Image Captioning
Describing an image in words — declared solved on benchmarks a decade ago, and the benchmarks were measuring the wrong thing.
When not to use it
- A dedicated captioning model. Use a VLM and ask for what you want. It's dramatically better.
- BLEU or CIDEr as your metric. They reward the modal caption and never check whether it's true.
- Generic captions for accessibility. "A group of people" helps nobody. The context is the requirement.
- Trusting the objects mentioned. Object hallucination is documented — language priors insert what usually co-occurs.

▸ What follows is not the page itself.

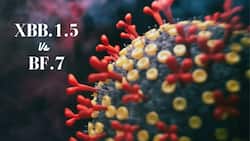 XBB.1.5 Vs BF.7 Omicron Variant: Which One Is Most Dangerous? Check Out The Symptoms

Reach for something else instead
- Vision-language models — ask a specific question, get a specific answer.
- CLIP — for retrieval and ranking, if you don't need generation.
- Human captions — for accessibility that matters, still the standard.
- CHAIR / SPICE — if you must have a metric, at least use one that checks something real.
Sources & further reading
- Vinyals et al. (2015), Show and Tell: A Neural Image Caption Generator — the CNN-to-LSTM template.
- Xu et al. (2015), Show, Attend and Tell — attention, and visualisable evidence it was looking at the right thing.
- Rohrbach et al. (2018), Object Hallucination in Image Captioning — CHAIR; models describe objects that aren't there, from language priors.
Primary sources, listed so you can check the claims on this page rather than take them on trust.
Where people go wrong
- Reporting CIDEr. Models trained to maximise it produce worse captions by human judgement, and this has been measured repeatedly.
- Treating benchmark saturation as task completion. The benchmark was solved a decade ago; the task wasn't.
- Assuming mentioned objects are present. That's object hallucination, and it's the same failure as in language models.
- Shipping generic alt text. The one application that matters is the one where blandness fails hardest.